El cielo, en ciertas noches del norte o del sur más extremo, puede encenderse con luces que se mueven como humo teñido. Ver una aurora polar no es solo observar un fenómeno físico; es atestiguar la huella luminosa de una tormenta que empezó en el Sol y acabó rozando la atmósfera de la Tierra.
Estas formas cambiantes, de colores intensos y fugaces, surgen cuando partículas solares chocan con los gases que rodean el planeta. Un espectáculo que ocurre cerca de los polos magnéticos y que, desde hace siglos, ha dejado sin palabras a científicos, viajeros y pueblos originarios.
Del Sol a la atmósfera: un viaje de millones de kilómetros
Las auroras no nacen en la Tierra. Tienen su origen en el Sol, concretamente en las explosiones que se producen en su superficie: fulguraciones solares, eyecciones de masa coronal… eventos de enorme potencia que lanzan al espacio partículas cargadas —protones, electrones— a gran velocidad. Algunas de ellas, tras recorrer el vacío durante días, alcanzan nuestro planeta.
Y aquí es donde la Tierra responde. Su campo magnético desvía buena parte de esas partículas, pero no todas. Cerca de los polos, las líneas del campo se abren como embudos invisibles y permiten que parte de ese flujo solar penetre hacia capas altas de la atmósfera, en concreto la ionosfera.
Allí, a más de 80 kilómetros de altitud, ocurre el choque. Las partículas solares colisionan con átomos de oxígeno y nitrógeno, y al hacerlo, liberan energía en forma de luz. Verde, púrpura, azul, rojo. El color depende del tipo de gas y de la altitud a la que ocurre el encuentro. No hay una regla única: hay noches en que todo se tiñe de verde, otras en que el cielo parece arder en rojo, otras más en que la luz baila sin forma concreta.

Por qué unas veces se ven y otras no
No basta con estar en el lugar adecuado. Para ver una aurora, además de estar cerca del círculo polar, hay que tener suerte con las nubes, con la oscuridad, con el calendario solar. La actividad del Sol no es constante: sigue un ciclo de unos 11 años.
En los años de mayor agitación, como el actual (según las previsiones del NOAA y la ESA), es más probable que el fenómeno sea visible incluso desde lugares poco habituales, como Escocia o el norte de la Península Ibérica.
El momento del día también importa. Las horas cercanas a la medianoche, cuando el cielo está más oscuro y la actividad geomagnética alcanza su punto álgido, suelen ser las más favorables. A esto se suma el papel del índice Kp, una medida que indica hasta qué latitud podrían verse las auroras en función de las alteraciones del campo magnético. Cuanto mayor es el valor (sobre todo si supera 6 o 7), más hacia el sur se desplaza el fenómeno.
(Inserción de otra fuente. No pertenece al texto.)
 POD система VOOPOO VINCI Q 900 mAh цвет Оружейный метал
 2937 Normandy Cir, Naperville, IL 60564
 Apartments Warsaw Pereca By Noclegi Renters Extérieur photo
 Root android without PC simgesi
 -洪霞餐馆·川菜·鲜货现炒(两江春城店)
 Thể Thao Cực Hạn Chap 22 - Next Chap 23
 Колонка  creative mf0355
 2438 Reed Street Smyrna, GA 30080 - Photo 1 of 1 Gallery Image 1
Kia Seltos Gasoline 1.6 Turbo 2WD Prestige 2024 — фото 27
En Europa, hay zonas casi míticas para la observación: Tromsø, en Noruega; Abisko, en Suecia; los fiordos de Islandia o ciertas regiones de Laponia.
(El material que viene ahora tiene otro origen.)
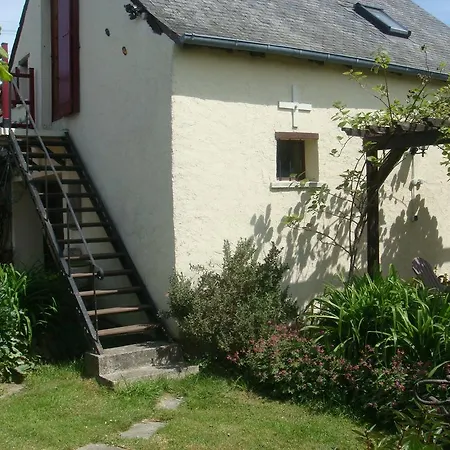 D'hôtes La Guéjaillière 3* Beaumont-Pied-de-Boeuf (Sarthe)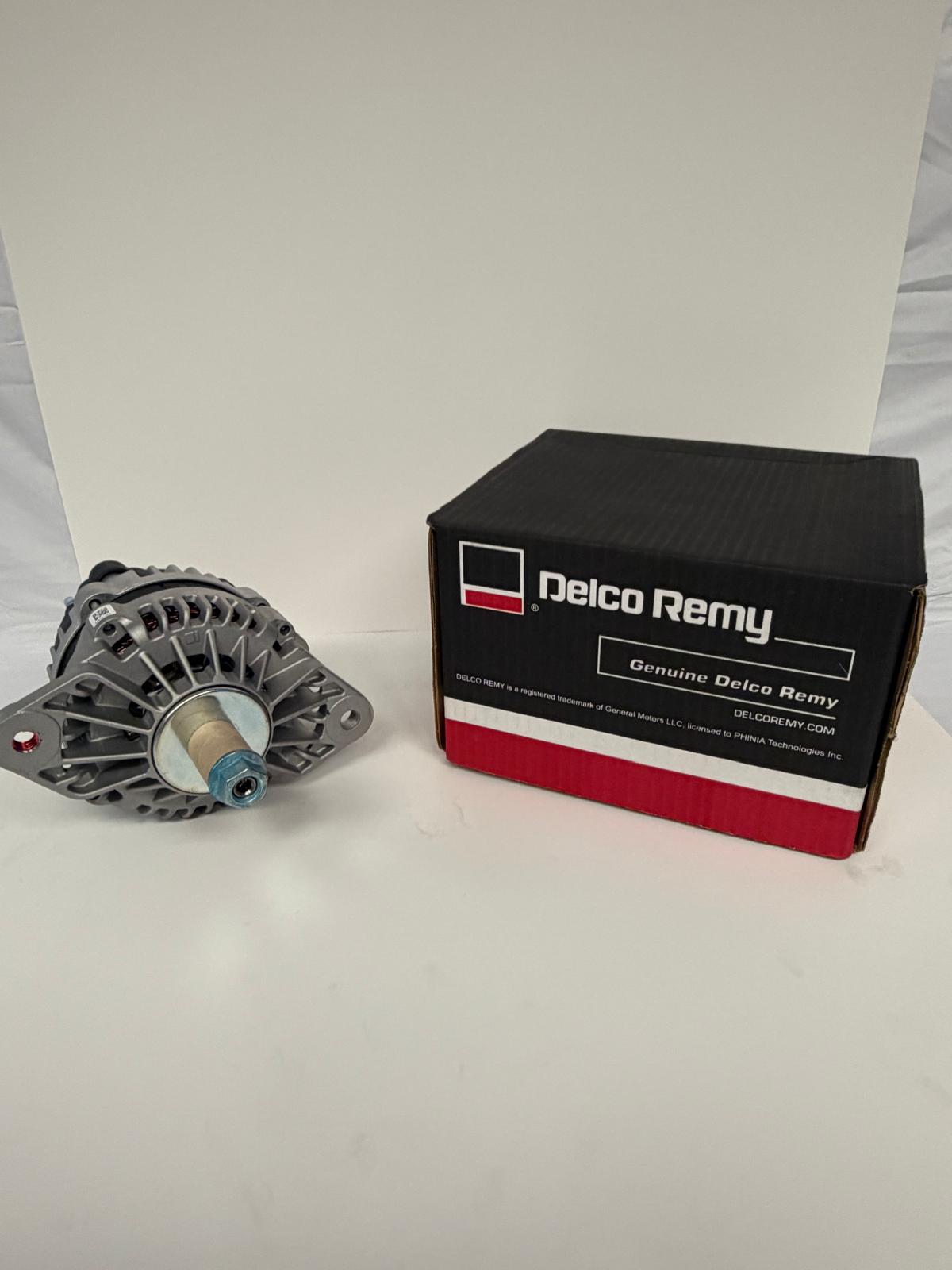 ALTERNATOR NEW 24SI 160AMP $375.90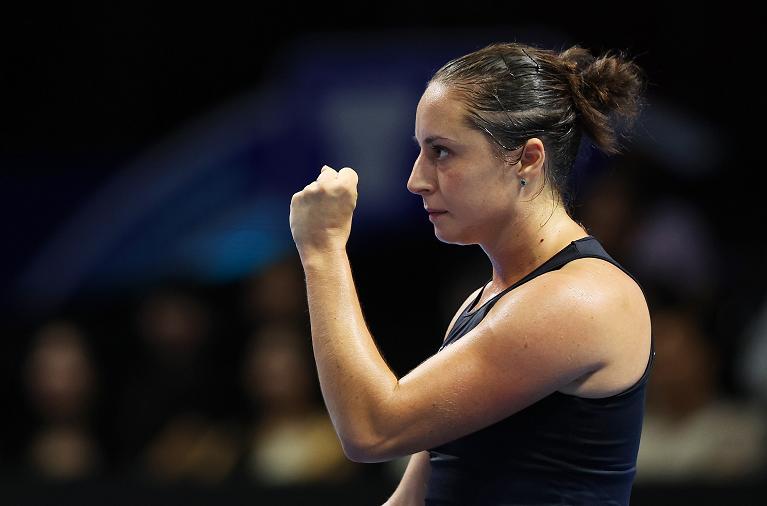 Cocciaretto ad un passo dalla qualificazione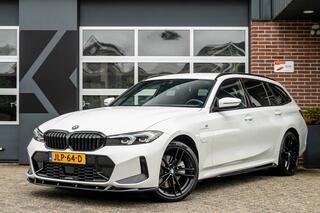 BMW 3-SERIE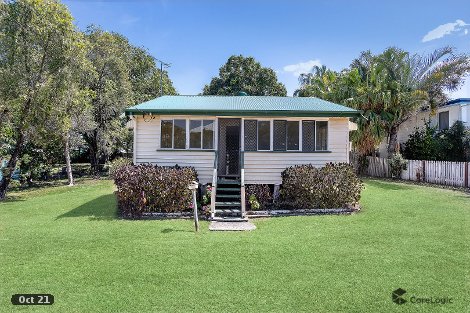 11 Underwood St, Park Avenue, QLD 4701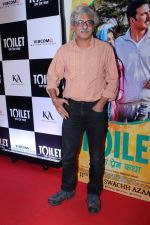 Sriram Raghavan at the Special Screening Of Film Toilet Ek Prem Katha on 10th Aug 2017 (39)_598d6eeaeba87.JPG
En el hemisferio sur, el desafío es mayor, no por falta de auroras, sino por la escasez de tierra firme donde observarlas. A veces, en noches especialmente activas, se dejan ver desde Tierra del Fuego o desde el sur de Nueva Zelanda.
Una belleza que también puede generar problemas
Aunque las auroras parezcan inofensivas, el fenómeno que las provoca puede tener consecuencias reales. Las tormentas solares intensas pueden alterar la navegación por satélite, afectar a las comunicaciones por radio o incluso dañar redes eléctricas.
No es ciencia ficción: ocurrió en 1989, cuando una tormenta geomagnética dejó sin luz a millones de personas en Quebec, Canadá.
En un contexto tecnológico como el actual, entender cómo y por qué ocurren estos fenómenos no es un lujo: es una necesidad. Por eso existen misiones científicas dedicadas a observar el Sol y su relación con la Tierra. Entre ellas, la Parker Solar Probe, que se aproxima como nunca antes a la corona solar, o los satélites SWARM, que vigilan el campo magnético terrestre.
Gracias a estos sistemas se puede anticipar, con cierta antelación, la llegada de partículas solares a la Tierra. Y aunque no siempre sea posible evitar sus efectos, al menos sí se pueden minimizar los daños.
Aurora polar: Entre la ciencia y la fascinación
Durante siglos, las auroras han desconcertado a quienes las contemplaban. Pueblos indígenas del Ártico veían en ellas señales de espíritus. Los antiguos nórdicos creían que eran reflejos de las espadas de los dioses.
Hoy sabemos que se trata de un fenómeno perfectamente explicable, pero eso no le resta un ápice de misterio. Porque, aunque entendamos el proceso físico, hay algo en esa danza de luces que escapa a cualquier ecuación.